The contest will include all pool events, including relays and non-Olympic events. I included the Open Water 10k last summer, but predicting all the Open Water races would be much tougher and also would require a much earlier deadline. As of Wednesday, July 13, the final psych sheets had not yet been released, and the Open Water competition begins Tuesday. As soon as the psych sheets are released, I will post them on my Twitter and Facebook pages. Additionally, any help organizing the received predictions would be much appreciated. I will be swimming in my state championship meet until Sunday, July 24 and will not be blogging at full capacity until the next day.
I would like to have all predictions in to me ASAP, preferably by Wednesday, July 20. However, the final deadline is Friday, July 22 at 2:00 PM eastern time. By that point, whether or not Cesar Cielo will be allowed to swim will still be unanswered, so please send me a fourth swimmer in each event in which you pick Cielo. The medalists will be bumped up accordingly if Cielo is suspended. Please email me your lists at firstname.lastname@example.org.

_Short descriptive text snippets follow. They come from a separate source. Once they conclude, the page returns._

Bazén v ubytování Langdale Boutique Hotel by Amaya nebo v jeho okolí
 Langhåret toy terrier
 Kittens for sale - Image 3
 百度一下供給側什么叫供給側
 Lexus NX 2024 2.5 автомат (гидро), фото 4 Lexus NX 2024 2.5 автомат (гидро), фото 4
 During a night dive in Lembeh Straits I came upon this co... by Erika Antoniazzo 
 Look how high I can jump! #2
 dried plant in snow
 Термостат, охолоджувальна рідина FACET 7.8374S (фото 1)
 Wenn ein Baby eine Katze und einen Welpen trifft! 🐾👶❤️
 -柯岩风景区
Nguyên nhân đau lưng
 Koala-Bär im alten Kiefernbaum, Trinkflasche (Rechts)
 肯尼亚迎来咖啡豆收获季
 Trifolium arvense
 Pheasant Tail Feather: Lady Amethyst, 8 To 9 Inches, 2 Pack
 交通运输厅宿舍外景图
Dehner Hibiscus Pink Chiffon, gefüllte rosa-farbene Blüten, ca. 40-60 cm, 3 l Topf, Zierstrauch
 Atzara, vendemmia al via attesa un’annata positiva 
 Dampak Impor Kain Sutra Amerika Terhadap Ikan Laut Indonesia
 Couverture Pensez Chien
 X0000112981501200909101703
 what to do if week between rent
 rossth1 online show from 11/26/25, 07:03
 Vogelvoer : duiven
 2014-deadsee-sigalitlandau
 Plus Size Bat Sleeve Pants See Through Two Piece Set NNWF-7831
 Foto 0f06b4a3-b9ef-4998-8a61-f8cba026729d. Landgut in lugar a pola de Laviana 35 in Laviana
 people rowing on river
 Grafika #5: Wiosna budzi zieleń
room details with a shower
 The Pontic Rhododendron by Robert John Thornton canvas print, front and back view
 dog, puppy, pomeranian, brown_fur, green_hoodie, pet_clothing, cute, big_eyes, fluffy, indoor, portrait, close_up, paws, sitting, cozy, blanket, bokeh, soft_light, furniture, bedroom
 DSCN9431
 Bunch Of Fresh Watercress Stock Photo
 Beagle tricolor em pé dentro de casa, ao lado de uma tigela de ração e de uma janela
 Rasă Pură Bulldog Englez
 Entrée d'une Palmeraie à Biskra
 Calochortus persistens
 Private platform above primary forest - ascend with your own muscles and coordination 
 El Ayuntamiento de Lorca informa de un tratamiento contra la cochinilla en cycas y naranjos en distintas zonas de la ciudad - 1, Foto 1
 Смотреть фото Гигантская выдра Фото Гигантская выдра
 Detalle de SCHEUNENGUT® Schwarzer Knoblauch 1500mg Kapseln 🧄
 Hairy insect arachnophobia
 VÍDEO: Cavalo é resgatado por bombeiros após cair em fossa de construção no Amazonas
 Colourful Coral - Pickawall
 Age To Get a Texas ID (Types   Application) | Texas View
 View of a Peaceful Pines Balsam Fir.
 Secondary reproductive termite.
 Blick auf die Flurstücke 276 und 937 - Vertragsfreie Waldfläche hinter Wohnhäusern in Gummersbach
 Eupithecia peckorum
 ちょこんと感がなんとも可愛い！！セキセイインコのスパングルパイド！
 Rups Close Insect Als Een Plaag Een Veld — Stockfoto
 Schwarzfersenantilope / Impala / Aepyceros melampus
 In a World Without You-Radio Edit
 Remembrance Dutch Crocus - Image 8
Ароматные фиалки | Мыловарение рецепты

Now, back to swimming! Today, Tom Willdridge posted a blog over at Speed Endurance where he and I provide lists of who we think the most underrated potential superstars are in every event headed into Shanghai. For the majority of events, I picked swimmers who are not usually picked as medalists but certainly have the potential to medal based on experience and potential. However, in some cases, I listed swimmers who I have predicted to medal but are surprisingly underrated. Three of such swimmers include Ous Mellouli (men’s 1500 free), Liam Tancock (men’s 50 back), and Allison Schmitt (women’s 200 free).
All the conversations about the men’s 1500 start and end with Sun Yang. The Chinese star and Asian Games gold medalist has been tipped to go under Grant Hackett’s decade-old world record of 14:34.56 in the event. But what about Ous Mellouli? He is the reigning Olympic Champion and World Champion in both short and long course. Still, no one is giving him a chance to win, some saying they can’t see him within eight seconds! The way I see it, Sun Yang has not yet stepped up on the international stage. I probably will predict him to win gold, but Mellouli will not let him run away with the title.
Likewise, in the men’s 50 back, the conversations revolve around Frenchman Camille Lacourt. At the European Championships last year, Lacourt clocked 24.07 to nearly crack Liam Tancock’s world record of 24.04, and many are predicting him to hit the target at World Champs this year. And on every prediction list, Tancock is in the number two spot. Despite dominating this event on the world stage two years ago and Commonwealth stage last year, no one can see Tancock beating the French phenom. But just as is the case with Mellouli, he has the experience of winning a world title, and he could throw in a push.
In Rome, the women’s 200 free was the domain of Federica Pellegrini, and she won by two seconds over Allison Schmitt. Schmitt won the Pan Pacific title last year, establishing herself as the clear world number two in the event, behind Pellegrini’s win at the European championships. This year, however, the landscape of the event is different; Frenchwoman Camille Muffat and Aussies Kylie Palmer and Bronte Barratt have all posted blistering times early this year to establish them as challengers to Pellegrini’s throne. Schmitt, meanwhile, posted best times to win the 200 and 500 free at the NCAA Championships and has gone much faster than her usual in-season times, but many predictors still have a tough time placing her in their top-three. However, I have been very impressed with Schmitt this year, and I think she is ready to step up and challenge Pellegrini. She will be the silver medalist in my predictions.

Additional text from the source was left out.